A collection of essays on books that have helped shape the world
NEW YORK, New York – The Association of American University Presses (AAUP) launched an essay series today called “Books that Matter.” Leading up to AAUP’s 75th anniversary,”Books that Matter” showcases the invaluable contributions that university presses have made to society, helping to shape our modern world.
“The titles featured in ‘Books that Matter’ celebrate the ongoing relevance of ideas to the lives of real people, and underscore the continuing vitality of the university presses that have bravely brought these great books into being,” says Peter Dougherty, Director of Princeton University Press.
From documentary editions that became foundations of further research, to local ecological guides, AAUP members publish thousands of books, journals, and other collections that contribute to scholarship and an informed society. But in every publisher or editor’s career, there are books that stand out the most for their impact on politics or the economy, justice and social equality, our understanding of history and culture, or our knowledge of regional and national issues-a book that changes a community or a discipline.

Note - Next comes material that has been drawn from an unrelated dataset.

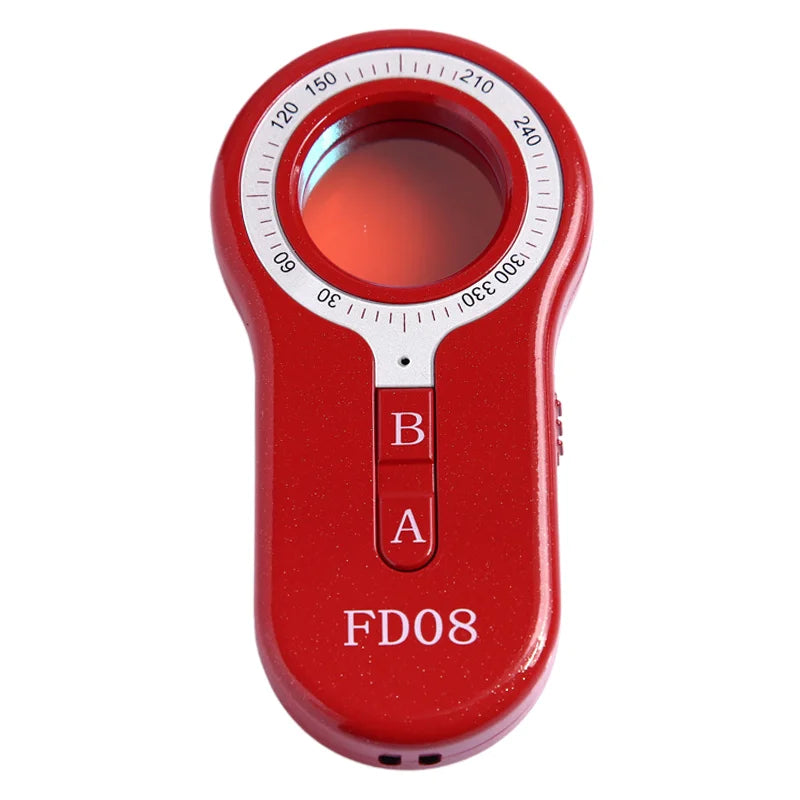 FD08 Vibration / Alert Dual Mode Signal Detector Personal Privacy Protection Device Multi-Function Scanner - Red - 2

In this first essay series, which is featured on AAUP’s blog, “The Digital Digest” leading editors and publishers tell the stories of three very different books that have changed the world:
* Peter Givler writes about Justifiable Homicide (Cynthia Gillespie, Ohio State University Press) and publishing an idea that became, quite literally, a matter of life and death when read by an open-minded governor with the power of clemency. Givler is former Director of Ohio State University Press and now serves as Executive Director of AAUP;
* MaryKatherine Callaway reflects on A More Noble Cause (Rachel Emanuel and Alexander P. Tureaud, Jr., Louisiana State University Press) and what it meant to the LSU community to bring to print the story of a Louisiana civil rights leader. Callaway serves as Director of Louisiana State University Press;
* And in his essay about Blue Highways Revisited (Ed Ailor, University of Missouri Press), Clair Willcox shares the story of what happened when a press meant as much to an author as his book meant to the press. Willcox is Editor-in-Chief of the University of Missouri Press.
In the coming weeks and months, AAUP will release more narratives of the books that mattered, including the Northwestern University Press’ Poetry Editor’s essay about Head Off & Split, to be published following the announcement of the National Book Awards finalists on Thursday, October 10th.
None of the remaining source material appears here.